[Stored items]

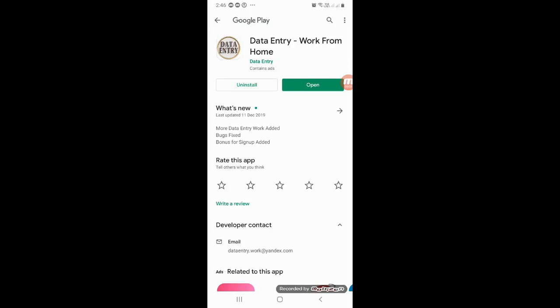Hi friends, I'm going to show you a new app. My name is Data Entry. This app is a new job.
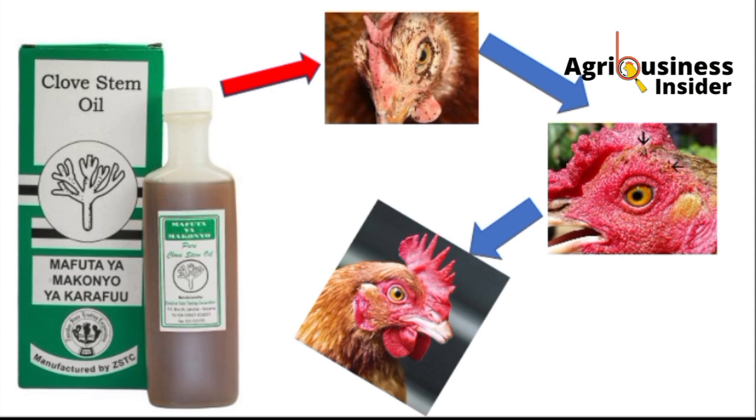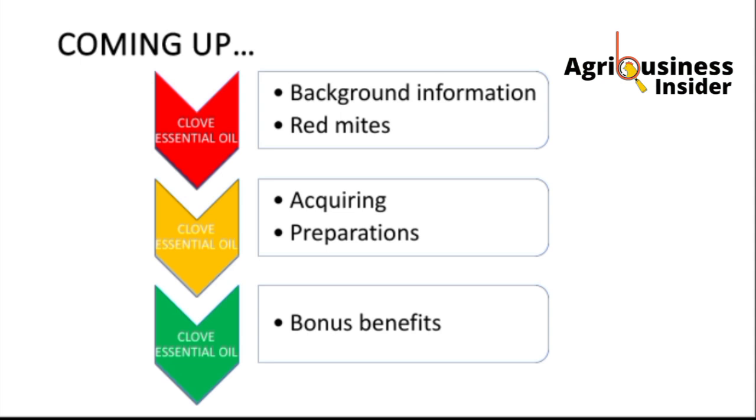This can save your chickens. I'm going to show you the effect that red mites have on your chickens. In this video, I'm going to show you the background information of the clove and the mites, how you can acquire the clove oil, how to prepare the clove oil, a bonus benefit of this clove oil, and also other information on how you can reduce or treat the mites in your chicken farm.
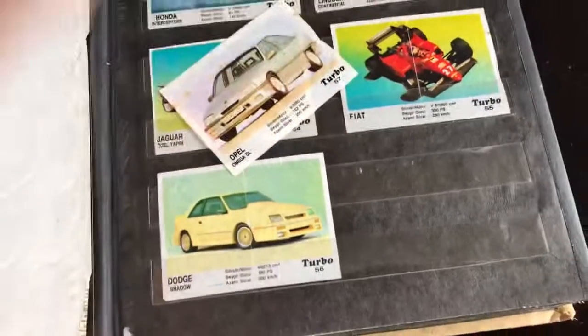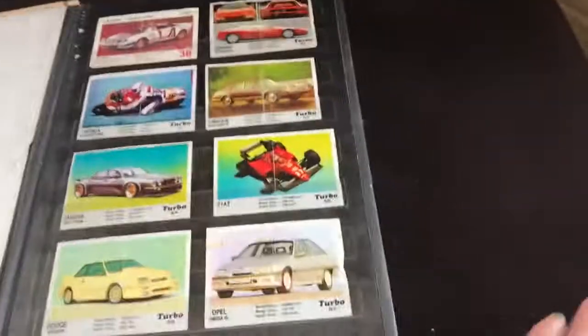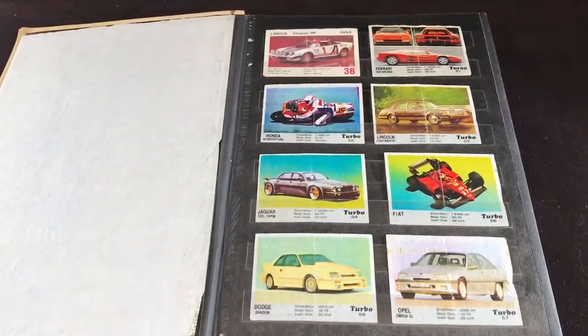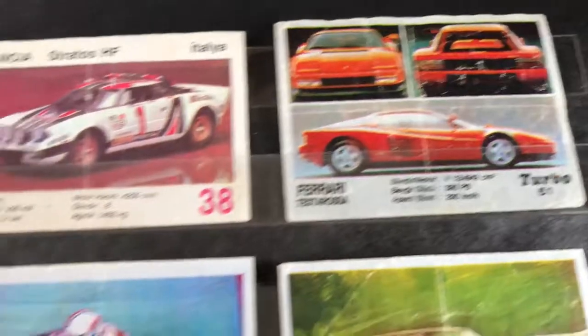We would flip them — you'd flip them and whoever manages to flip them from their friend's card, you'd put one down, your friend would put one down, and whoever flips one gets to keep it. That was the game.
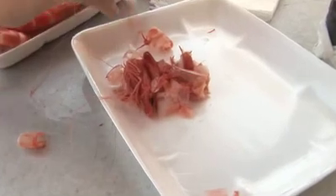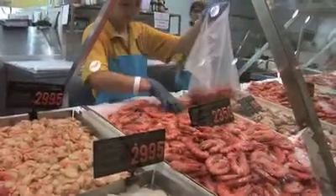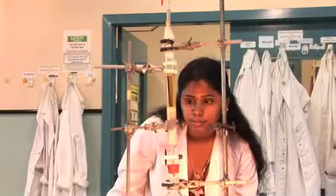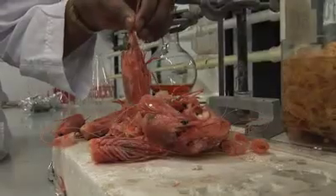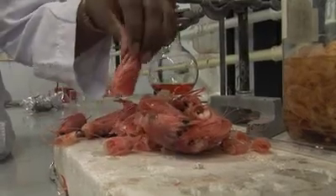If a UNSW researcher has her way, it won't be long before a plate of prawn shells like this is more valuable than the actual prawns themselves. Renuka Karapaswamy has developed a new technique for extracting a powerful antioxidant called astaxanthin — the pigment which gives cooked prawns their red colour and a superfood ingredient.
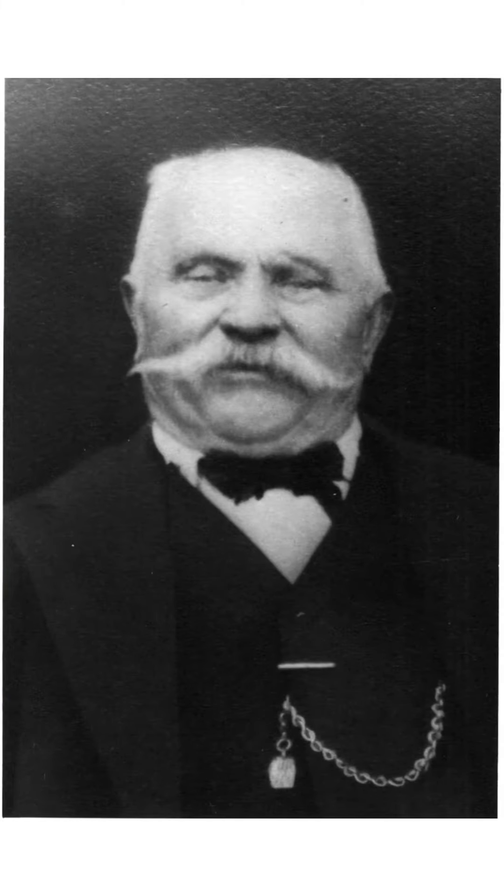This is a close-up of Samuel Jarosich. You can see the chain of the pocket watch and the t-bar attached to his waistcoat, though we no longer have the medallion.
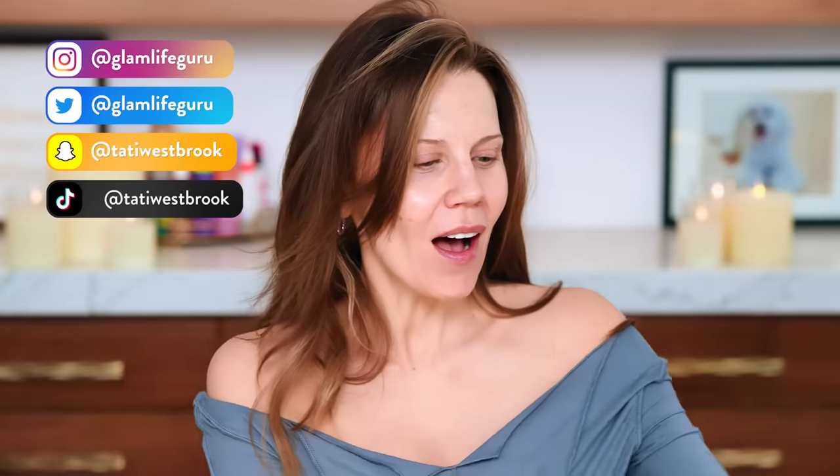Hey guys, welcome to today's video. I have a full face of new drugstore products that did not go as planned. This is TikTok-inspired — I love the idea of showing a real test. We're going to hop into everything and I'm going to give you my real-time thoughts. Let's keep fingers crossed that it's a good makeup day, maybe even a great one.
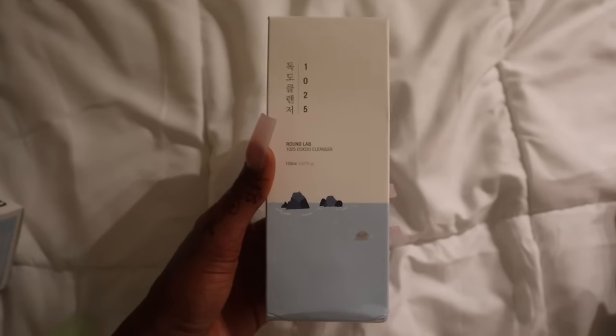Next is the Round Lab cleanser. Moisture, hydration, and gentle products are my besties because I am a dry, sensitive girlie — I've had eczema my entire life, so I have to be very careful with the products I use, or else my skin will get stripped dry and I won't be able to re-moisturize it no matter what I put on. With that being said, the Round Lab cleanser was a little bit harsh for me.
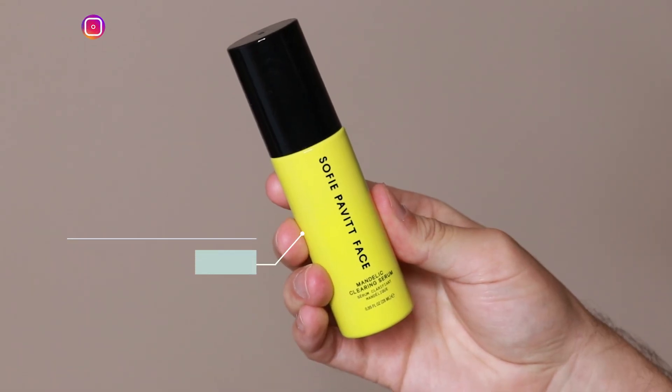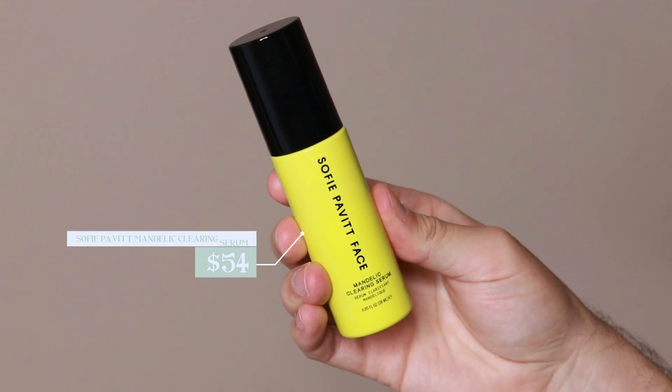Hi everyone, my name is Alex. Today I want to be trying the Sophie Pavitt Mandelic Clearing Serum. This product retails for $54. I don't think I've ever been more excited to try out a product than this one because I've seen so many people raving about this mandelic acid serum.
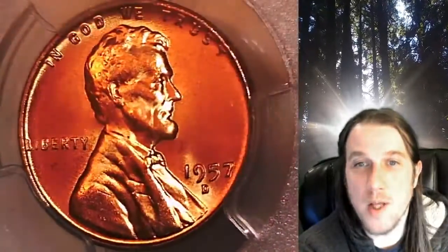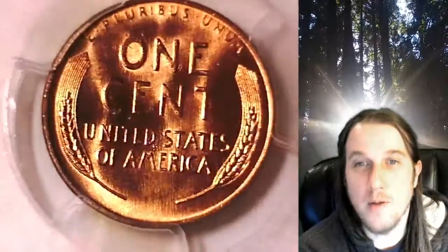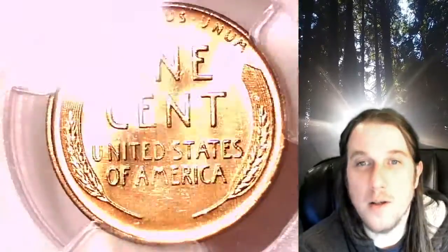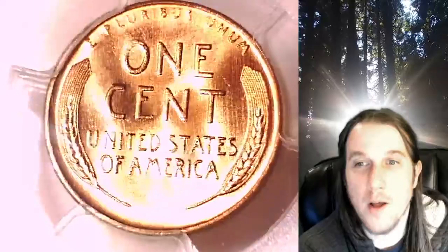This coin is going to go up for sale on my eBay store. You can find a link in the description below the video — it'll take you to this exact coin on eBay. Once there, you can also find over 5,000 PCGS graded coins for sale on my eBay store.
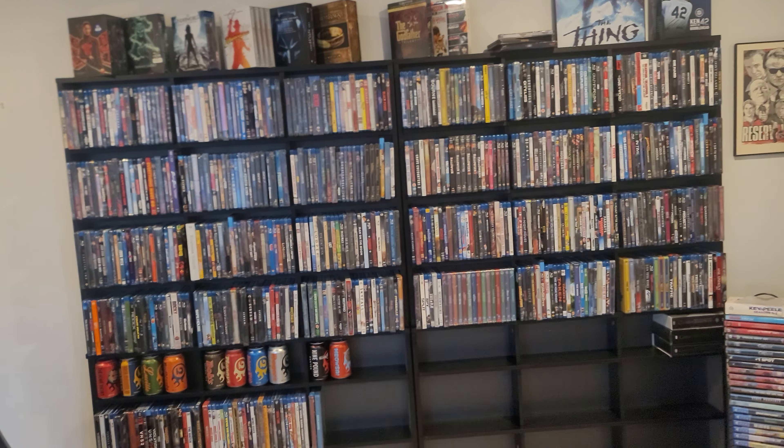Got Catch Me If You Can in a 4K steelbook, Fright Night in a 4K steelbook, and I got the Godfather trilogy — all of these in 4K steelbooks.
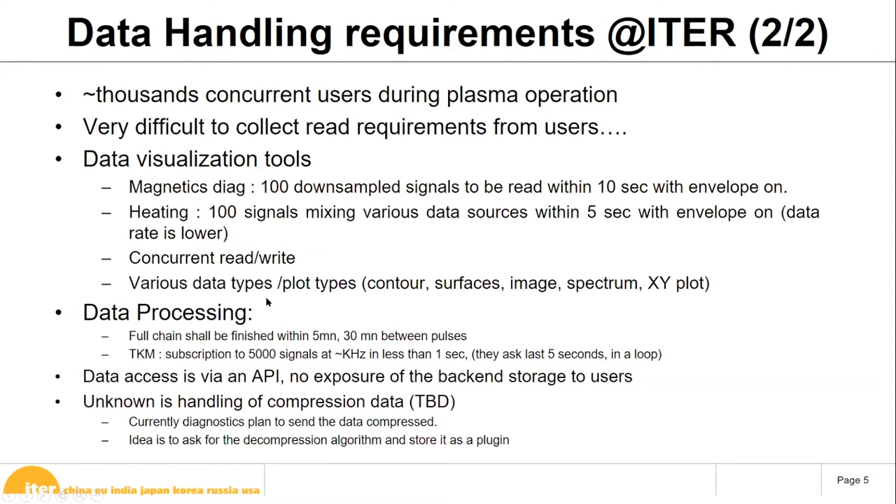We also have the Tokamak Monitoring System, a quasi-real-time analysis system operating at a one-second timescale. It needs to ingest 5,000 signals at kilohertz rates via subscription from the archive — not from the SDN since it doesn't communicate with the plasma control system and the latency would be too high. We need to deliver a subscription of these 5,000 signals in under one second, looping continuously to provide the last 5 seconds of data, mainly to compute component stress and fatigue.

**EXERCISE**
Output exactly, and only, the lines of the entries above from the one with "This is a close-up" up to and including the one with "Hey guys, welcome"; pictures are to be left out.

**ANSWER BELOW**
This is a close-up of Samuel Jarosich. You can see the chain of the pocket watch and the t-bar attached to his waistcoat, though we no longer have the medallion.
Hey guys, welcome to today's video. I have a full face of new drugstore products that did not go as planned. This is TikTok-inspired — I love the idea of showing a real test. We're going to hop into everything and I'm going to give you my real-time thoughts. Let's keep fingers crossed that it's a good makeup day, maybe even a great one.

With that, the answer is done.